Worlds Stretching to Infinity
In a similar vein, it is not uncommon for fantasy books to include glossaries and/or character lists, and the most developed worlds often have “companion books,” devoted to them. J.K. Rowling, for instance, created the “Hogwart’s Library” collection, allowing her devoted readers to access the same books that Harry studies while at school: first Quidditch Through the Ages and Fantastic Beasts and Where to Find Them (2001), then The Tales of Beedle the Bard (2007). That didn’t keep her fans from from creating even larger, more-encyclopedic databases, including Steve Vander Ark’s famous Harry Potter Lexicon. Although Rowling appreciated Vander Ark’s fan site, she sued the publisher over the lexicon in book form, in order to protect her rights to her own creation.
George Martin chose to share credit with the creators of the website Westeros.org for an illustrated book devoted to the history of his world, The World of Ice and Fire (2014), before following their lead and writing his own historical chronicles of his world’s distant past in Fire and Blood (2018).
Artists and game creators have produced lavishly illustrated editions that pay tribute to the work of world-building in art books with evocative titles like The Art of World of Warcraft (since 2005) and How to Art - DOFUS & Wakfu (Ankama, 2008).
The “Ouroboros” collection, published by Mnémos, offers a wide range of “book-world” options. Some are collective (Un an dans les airs (A Year in the Air), 2013, Jadis (Olden Times), 2015) others singular (Hélène Larbaigt’s L’étrange cabaret des fées désenchantées (The Strange Cabaret of Disenchanted Fairies), 2014). Some explore steampunk, an intensely imaginative genre (Mémoires de la France steampunk, 2015, ed.

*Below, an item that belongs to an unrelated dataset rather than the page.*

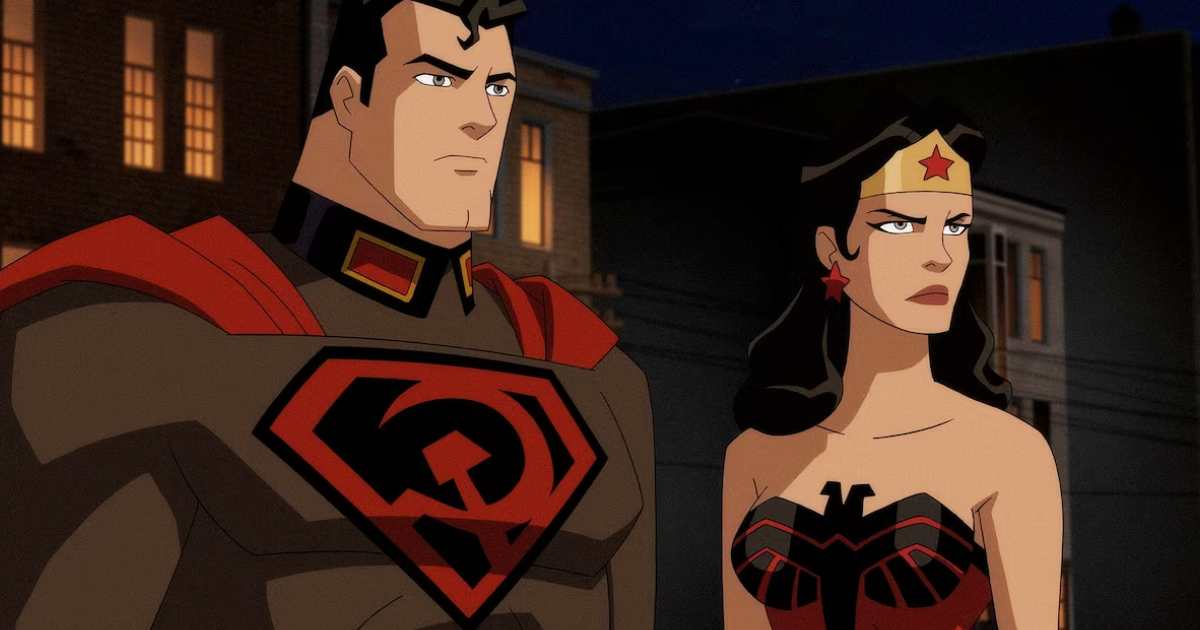 Red Son: When Superman Became Stalin’s Weapon & Batman Fought Back — This DC Animated Movie Is Too Wild To Miss!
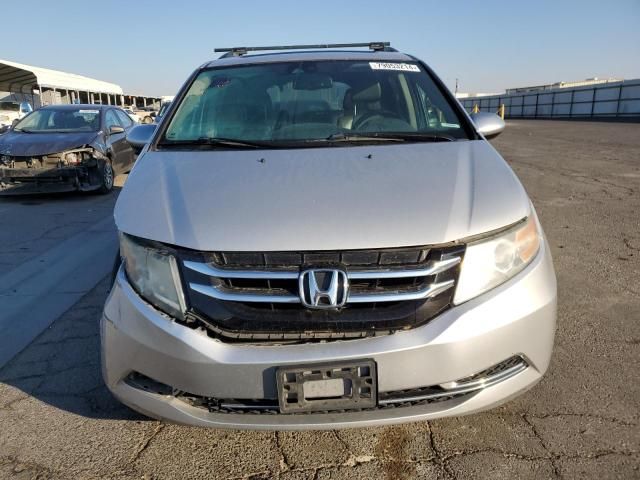 2014 Honda Odyssey EXL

Étienne Barillier and Arthur Morgan); others provide guides to pre-existing worlds in the shape of games and/or books (Abyme, le guide de la cité des ombres (Abyme: The Guide to the City of Shadows) for Mathieu Gaborit’s Abyme, 2009; Tschaï, based on Jack Vance’s, Planet of Adventure, 2017); while still others portray unique worlds in which text and images intertwine (Le Nordique, chroniques retrouvées du dernier convoi (The Nordic Pilgrimage: The Lost Chronicles of the the Last Convoy) by Olivier Enselme-Trichard, 2017, and more).